▸ Requirement: Search string "Pool": state how many lines in the material below contain it, and nothing else.

Given information below:

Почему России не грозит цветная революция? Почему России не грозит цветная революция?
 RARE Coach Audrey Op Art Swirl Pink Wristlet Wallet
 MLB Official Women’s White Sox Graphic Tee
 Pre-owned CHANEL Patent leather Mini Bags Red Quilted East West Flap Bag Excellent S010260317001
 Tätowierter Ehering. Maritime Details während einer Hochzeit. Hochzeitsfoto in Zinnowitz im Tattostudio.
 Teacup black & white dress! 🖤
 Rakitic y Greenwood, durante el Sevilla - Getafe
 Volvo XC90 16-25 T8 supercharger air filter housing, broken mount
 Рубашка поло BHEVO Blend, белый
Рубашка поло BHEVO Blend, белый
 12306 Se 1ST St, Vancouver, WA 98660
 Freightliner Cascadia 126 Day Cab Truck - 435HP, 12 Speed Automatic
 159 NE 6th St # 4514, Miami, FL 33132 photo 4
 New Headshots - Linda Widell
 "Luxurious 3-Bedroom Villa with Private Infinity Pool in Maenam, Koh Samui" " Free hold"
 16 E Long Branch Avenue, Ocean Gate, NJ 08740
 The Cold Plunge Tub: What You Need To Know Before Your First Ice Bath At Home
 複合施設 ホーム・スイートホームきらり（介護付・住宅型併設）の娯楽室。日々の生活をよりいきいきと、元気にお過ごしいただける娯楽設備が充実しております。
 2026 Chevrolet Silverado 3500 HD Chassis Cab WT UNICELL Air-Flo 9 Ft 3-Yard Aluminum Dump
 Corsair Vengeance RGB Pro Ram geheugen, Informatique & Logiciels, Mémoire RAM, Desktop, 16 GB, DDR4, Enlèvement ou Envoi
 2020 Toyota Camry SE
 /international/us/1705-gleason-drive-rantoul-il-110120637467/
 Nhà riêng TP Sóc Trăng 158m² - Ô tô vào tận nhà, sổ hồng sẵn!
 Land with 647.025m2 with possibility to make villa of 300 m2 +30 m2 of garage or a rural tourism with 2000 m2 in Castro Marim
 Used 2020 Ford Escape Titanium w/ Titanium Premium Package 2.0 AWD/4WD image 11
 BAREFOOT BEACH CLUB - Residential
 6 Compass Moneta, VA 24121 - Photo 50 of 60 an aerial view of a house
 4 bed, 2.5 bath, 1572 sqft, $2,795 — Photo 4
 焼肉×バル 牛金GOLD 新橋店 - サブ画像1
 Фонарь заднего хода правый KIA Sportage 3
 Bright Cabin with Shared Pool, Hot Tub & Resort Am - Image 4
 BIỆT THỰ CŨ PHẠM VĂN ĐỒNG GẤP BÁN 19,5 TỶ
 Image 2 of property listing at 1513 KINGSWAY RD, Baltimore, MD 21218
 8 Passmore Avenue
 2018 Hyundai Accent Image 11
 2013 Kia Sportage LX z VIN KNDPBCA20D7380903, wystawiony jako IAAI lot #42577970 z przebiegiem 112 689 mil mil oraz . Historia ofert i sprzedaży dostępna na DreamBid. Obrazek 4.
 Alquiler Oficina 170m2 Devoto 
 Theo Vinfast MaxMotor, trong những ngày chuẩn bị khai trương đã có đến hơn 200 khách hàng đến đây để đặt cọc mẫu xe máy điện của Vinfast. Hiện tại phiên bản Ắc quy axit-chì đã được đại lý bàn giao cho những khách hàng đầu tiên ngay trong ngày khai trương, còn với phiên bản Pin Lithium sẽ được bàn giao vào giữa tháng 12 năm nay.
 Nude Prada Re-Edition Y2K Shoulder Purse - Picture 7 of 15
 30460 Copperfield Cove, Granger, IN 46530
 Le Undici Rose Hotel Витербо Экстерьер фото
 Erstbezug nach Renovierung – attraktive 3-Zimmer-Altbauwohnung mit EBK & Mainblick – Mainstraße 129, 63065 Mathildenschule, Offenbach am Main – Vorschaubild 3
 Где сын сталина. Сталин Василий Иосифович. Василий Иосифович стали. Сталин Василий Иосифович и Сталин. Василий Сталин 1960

End of Given information.

▸ Expected answer: 2